Les deux étages du centre communautaire regorgent de vêtements, d’articles de cuisine, de couvertures, de jouets, de shampooing, de savon… Un congélateur est rempli de poitrines de poulet congelées. Toutes ces provisions proviennent de dons faits à l’église ukrainienne. En ce samedi matin enneigé, des dizaines de personnes fraîchement arrivées d’Ukraine sont venues faire le plein en vue du temps des Fêtes.

« On va fêter la joie de vivre en sécurité. La paix est notre plus beau cadeau », résume Irena Ougryn, une jeune grand-mère arrivée la semaine dernière de Ternopil, ville de l’ouest de l’Ukraine.

Elle s’exprime en ukrainien. Khrystyna Dereyko, une bénévole venue donner un coup de main à l’église Saint-Michel-Archange, traduit ses propos pour Le Devoir. Les larmes coulent lorsqu’Irena raconte son soulagement de se retrouver à Montréal avec sa belle-fille et ses petits-enfants.

« On apprécie les bonheurs simples : on vit dans un logement chauffé. On a de l’électricité et de l’eau courante. Quand on entend une sirène, on n’a pas besoin de courir au sous-sol pour se mettre à l’abri des bombes », raconte-t-elle.

« J’ai eu une bonne impression en arrivant à Montréal. C’est calme. Le froid me rappelle chez nous. Les gens sont souriants, gentils, accueillants », ajoute Irena.

À Ternopil, cette dynamique grand-maman travaillait comme infirmière en salle d’opération dans une clinique de cancérologie. Sa priorité : apprendre le français au plus vite pour trouver un emploi dans le réseau de la santé. Que ce soit un poste d’infirmière ou de préposée aux bénéficiaires.

Apprendre le français

Quand on demande aux Ukrainiennes fraîchement débarquées à Montréal — en majorité des femmes, puisque les hommes d’âge adulte n’ont pas le droit de quitter le pays depuis le début de la guerre — quels sont leurs projets, elles répondent la même chose : « Apprendre le français. » Pour trouver du travail, pour se faire des amis, pour décoder leur nouveau pays.
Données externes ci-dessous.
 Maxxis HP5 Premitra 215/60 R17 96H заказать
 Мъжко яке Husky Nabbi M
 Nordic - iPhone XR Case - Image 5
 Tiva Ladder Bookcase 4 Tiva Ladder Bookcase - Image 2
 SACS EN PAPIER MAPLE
La plupart ont déjà appris un mot : « Merci ». Merci pour l’accueil, pour la générosité, pour l’aide à se débrouiller dans ce nouveau chez-soi. « Pour nous, tout est différent par rapport à l’Ukraine. On repart à zéro. Mais on a la chance d’avoir beaucoup d’aide », dit Olena Oucheykh, originaire de Marioupol, située dans l’est de l’Ukraine.
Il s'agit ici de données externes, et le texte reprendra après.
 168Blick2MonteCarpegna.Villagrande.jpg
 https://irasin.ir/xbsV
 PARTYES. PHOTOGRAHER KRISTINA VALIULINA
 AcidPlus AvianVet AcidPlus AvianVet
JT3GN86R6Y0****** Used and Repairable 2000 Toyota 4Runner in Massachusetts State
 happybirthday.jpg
Photo: Marco Fortier Le Devoir La salle paroissiale de l’église ukrainienne Saint-Michel-Archange est remplie de vêtements, de jouets et de denrées qui aident les nouveaux réfugiés ukrainiens à faire des provisions avant les fêtes.

Elle et son amie Nina Romanienko, de Donetsk, près de la frontière avec la Russie, sont presque voisines, dans le quartier Chomedey, à Laval. Elles s’entraident. Échangent les trucs pour trouver une école, une garderie. Elles sont toutes les deux mères de deux jeunes enfants. Nina et Olena sont venues à la salle paroissiale de l’église Saint-Michel-Archange pour trouver des cadeaux pour les enfants. Pour garnir leur cuisine. Pour se changer les idées, aussi.

« Je m’inquiète pour mon mari et pour mon fils restés là-bas. Ils vont comme ci, comme ça », raconte de son côté Larysa Tatarovat, une grand-mère venue faire du bénévolat pour aider ses compatriotes, en ce samedi matin.

Arrivée à Montréal au printemps, elle peut déjà tenir une conversation en français. Tranquillement. Un mot à la fois. Larysa a les yeux humides en évoquant la vie à Odessa, sa ville d’origine. « Pas de lumière. Pas de chauffage. L’hiver est difficile. »

Des gens traumatisés

Les gens arrivent traumatisés après avoir survécu à des mois de bombardements russes, explique Emilia Pivtorak, qui dirige l’église ukrainienne Saint-Michel-Archange avec son mari, le pasteur Yaroslav Pivtorak. Les réfugiés s’inquiètent pour leurs proches restés en Ukraine. Certains se sentent coupables de prendre une douche chaude et de manger à leur faim à Montréal.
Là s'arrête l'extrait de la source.